Au moment où le fossé entre les salafistes et les Frères grandit, de nouvelles coalitions ont commencé à se former entre les différentes tendances politiques opposées au pouvoir religieux.
Amr Moussa, le parti du Wafd ainsi qu’un nombre d’autres partis libéraux comme celui d’Al-Masréyine Al-Ahrar (les Egyptiens libres) ont créé « la coalition de la nation égyptienne », à laquelle ont adhéré ultérieurement d’autres partis. Ils ont signé il y a quelques jours la charte des principes. Si cette coalition avait été formée avant la présidentielle, les résultats auraient été différents.
Amr Moussa a déployé également des efforts louables pour former une plateforme entre plus de 20 partis, dont le parti Ghad Al-Sawra présidé par Aymane Nour ainsi que le parti du Front démocratique. Cette tentative réduirait le nombre des partis existant en Egypte qui est de 70.
Par ailleurs, nous avons vu l’ex-candidat à la présidentielle, Hamdine Sabbahi, former un courant populaire et sortir avec ses partisans, vendredi dernier sur la place Abdine, pour prouver que l’arène politique n’est pas le monopole des Frères. Le choix de la place Abdine était judicieux, car on s’est éloigné de la place Tahrir, où rivalisent tous les courants politiques, et de Madinet Nasr, ainsi que de la rue Moustapha Mahmoud et Roxy qui étaient liés au mouvement « M. le président, pardonnez-nous ». Le choix de Sabbahi a ressuscité la mémoire de la première révolution de l’histoire moderne de l’Egypte contre la tyrannie, celle d’Ahmad Orabi, connue injustement sous le nom de « vague de Orabi ».
En même temps, un troisième rassemblement politique fait son apparition, autour du parti Al-Dostour dirigé par Mohamed ElBaradei. Bien que Baradei ne soit pas encore entré de plain-pied dans la vie politique, il n’en demeure pas moins qu’il continue à attirer de nombreux sympathisants.
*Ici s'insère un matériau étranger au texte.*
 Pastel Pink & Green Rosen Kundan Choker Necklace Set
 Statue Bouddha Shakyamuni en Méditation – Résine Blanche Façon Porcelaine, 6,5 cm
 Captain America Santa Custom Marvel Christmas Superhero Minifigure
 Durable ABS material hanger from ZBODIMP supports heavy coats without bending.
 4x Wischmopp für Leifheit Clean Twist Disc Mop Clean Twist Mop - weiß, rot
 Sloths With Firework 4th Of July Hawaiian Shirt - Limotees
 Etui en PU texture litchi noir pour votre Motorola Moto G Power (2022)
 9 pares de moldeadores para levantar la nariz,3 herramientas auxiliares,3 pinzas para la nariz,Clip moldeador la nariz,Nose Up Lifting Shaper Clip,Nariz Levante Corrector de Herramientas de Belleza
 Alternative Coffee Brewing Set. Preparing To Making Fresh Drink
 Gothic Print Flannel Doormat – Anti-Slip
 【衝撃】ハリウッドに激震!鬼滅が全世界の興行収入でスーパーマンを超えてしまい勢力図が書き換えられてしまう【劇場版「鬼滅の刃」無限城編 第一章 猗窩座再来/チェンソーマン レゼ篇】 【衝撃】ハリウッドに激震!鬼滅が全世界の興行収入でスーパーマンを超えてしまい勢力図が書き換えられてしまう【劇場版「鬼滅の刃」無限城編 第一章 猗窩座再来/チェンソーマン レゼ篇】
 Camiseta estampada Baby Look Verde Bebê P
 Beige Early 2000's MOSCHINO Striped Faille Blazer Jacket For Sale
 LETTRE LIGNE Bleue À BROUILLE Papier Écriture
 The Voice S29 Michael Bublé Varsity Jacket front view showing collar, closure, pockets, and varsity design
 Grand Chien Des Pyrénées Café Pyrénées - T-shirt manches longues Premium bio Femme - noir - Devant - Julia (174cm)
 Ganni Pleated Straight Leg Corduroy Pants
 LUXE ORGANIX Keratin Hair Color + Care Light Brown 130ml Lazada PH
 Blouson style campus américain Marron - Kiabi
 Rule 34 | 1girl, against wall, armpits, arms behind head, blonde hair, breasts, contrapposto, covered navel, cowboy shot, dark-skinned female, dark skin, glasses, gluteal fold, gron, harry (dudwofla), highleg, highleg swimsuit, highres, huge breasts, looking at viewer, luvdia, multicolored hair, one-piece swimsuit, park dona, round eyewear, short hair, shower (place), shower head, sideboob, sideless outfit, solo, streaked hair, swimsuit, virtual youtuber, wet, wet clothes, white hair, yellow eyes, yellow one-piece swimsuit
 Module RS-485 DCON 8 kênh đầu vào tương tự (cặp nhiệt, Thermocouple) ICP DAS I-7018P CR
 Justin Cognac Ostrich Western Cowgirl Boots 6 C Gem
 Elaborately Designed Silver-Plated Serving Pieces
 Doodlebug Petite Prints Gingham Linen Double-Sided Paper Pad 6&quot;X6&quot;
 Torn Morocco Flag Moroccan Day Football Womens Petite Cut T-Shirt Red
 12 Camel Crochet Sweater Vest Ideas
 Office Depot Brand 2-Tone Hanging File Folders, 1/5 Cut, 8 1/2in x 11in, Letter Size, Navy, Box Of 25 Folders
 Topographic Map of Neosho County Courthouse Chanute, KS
Tels sont les trois principaux rassemblements représentatifs du courant civil qui animent la scène. Ils rejettent l’ingérence de la religion dans la vie politique, qui est supposée être un terrain fertile à la discorde. L’importance de ces trois plateformes n’émane pas du moment de leur création, c’est-à-dire au moment où la fragmentation a commencé à se faire au sein du camp religieux. Mais leur intérêt réside dans la possibilité de réunir sous un même drapeau tous ceux qui croient en l’Etat civil. Leur unité confirmera la présence des pro-civils sur la scène face à la mainmise des Frères musulmans sur la vie politique et de leurs confrères salafistes. D’autant plus que ces derniers tentent de s’accaparer toutes les positions et d’exclure les autres tendances.
Cependant, ces coalitions font face à un grand défi. Elles sont divisées en 3 entités. Si elles ne se regroupent pas sous une seule ombrelle, il leur sera difficile d’unifier le camp des partisans de l’Etat civil.